La inclusión social, la producción nacional y el empleo decente como ejes de un modelo económico sustentable, el rol activo e indelegable del Estado como garante de un proceso de integración y desarrollo equilibrado, y el papel de las políticas públicas en la defensa y realización de derechos fundamentales, constituyen en trazos gruesos el núcleo del programa que trazó la hoja de ruta de la posconvertibilidad.

No es una ruta lineal sino más bien un campo de acción que alberga múltiples conflictos, disputas ideológicas, avances, retrocesos, agachadas y también aviesas coartadas destinadas a encubrir con los argumentos discursivos más nobles las peores fechorías.

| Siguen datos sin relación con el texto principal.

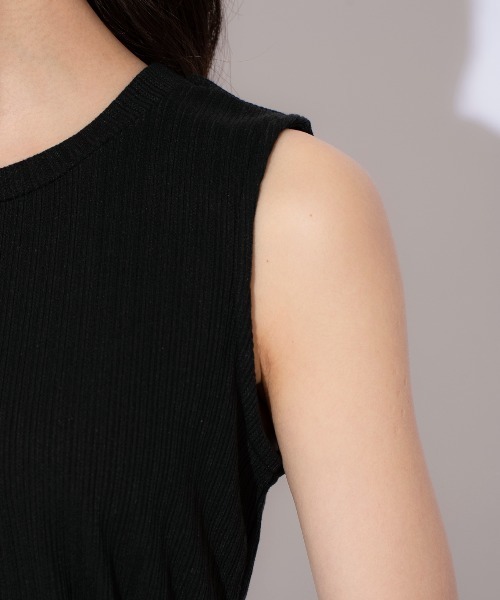 WILLSELECTION(ウィルセレクション)の「ランダムテレコノースリーブトップス(キャミソール・レディース・レッド/ブラック/オフホワイト・FREE)」の18枚目の写真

Las tensiones, contradicciones y pujas dentro de ese paradigma son, a su vez, su alimento. No es casual la explosión de militancia y discusión política que caracterizó a la última década. El modelo, por ponerle un nombre, no se despliega limpiamente sobre el terreno. Como ningún otro. Pero las ideas fuerza que lo sostienen no se manchan. Y la condición de posibilidad para realizarlas es lo que, en buena medida, se pone en juego con cada elección de cargos ejecutivos.

Los candidatos competitivos a ocuparlos, en todos los niveles territoriales, aparecen hoy bastante lejos del imaginario pos 2001. Más bien comparten su coqueteo con la teoría del fin de ciclo, los tics restauradores y, persona por persona, declaración por declaración, hasta podrían intercambiar partidos sin levantar sospecha alguna. Sus diferencias no provienen de su voluntad sino del contexto. Devienen de la trayectoria de los espacios en los que actúan, de la historia, aunque sea remota, de su propia gestión y, en definitiva, de los grandes colectivos politicos que, más allá de la oferta electoral, siguen identificándose en base a un núcleo de ideas sobre lo que se pretende para un país, una sociedad y para sí mismo.

Los postulantes oficialistas en la Nación y en los comicios locales disputan sus votos en el espacio electoral que en la última década defendió el modelo. Aun a su pesar. La identificación con ese espacio no parte de ellos sino del fenómeno de crecimiento del PRO. Una oferta política de derecha con fuerte competitividad electoral que se afinca en la experiencia política y económica de los ‘90 y que confronta en toda la línea con el modelo de la posconvertibilidad. El territorio provincial es la próxima frontera de este espacio político. Su gestión fue bien valorada por los electores porteños, satisfechos con una serie de medidas de ordenamiento urbano que en Rosario fueron ya políticas de Estado desde los primeros años de la recuperación de la democracia. El avance de esta fuerza política en el territorio santafesino expone el choque de modelos.

No es ningún misterio. Los referentes territoriales, los políticos y empresarios que lo respaldan y los equipos técnicos fueron protagonistas públicos y activos del proceso político que culminó con la crisis de 2001, la cual se resolvió de una forma especialmente sangrienta en Santa Fe.

Junto a la reparación histórica del reutemismo, la oferta de ese espacio se completa con la promesa de un desembarco del gabinete porteño de Mauricio Macri. Una promesa que, dicho sea de paso, pone a prueba, junto con la expectativa de un retorno del patriciado santafesino a la conducción del Estado provincial, la existencia y consistencia de una identidad política propiamente rosarina.

El PRO opera en la política santafesina como un parteaguas, divide campos políticos y le ahorra al candidato del oficialismo las definiciones ideológicas que lo perturban. El test es indudablemente un campo de ensayo de cara a la elección nacional, en las que el intríngulis no es tan distinto.

Las elecciones ejecutivas tienen esa característica: reducen las opciones. La derecha ya tiene su candidato. El resto deberá articular si quiere mantener la conducción política del Estado. La combinación con las legislativas permite, como ya se vio en la posconvertibilidad, construir un puente entre la oferta electoral posible y el programa político deseable.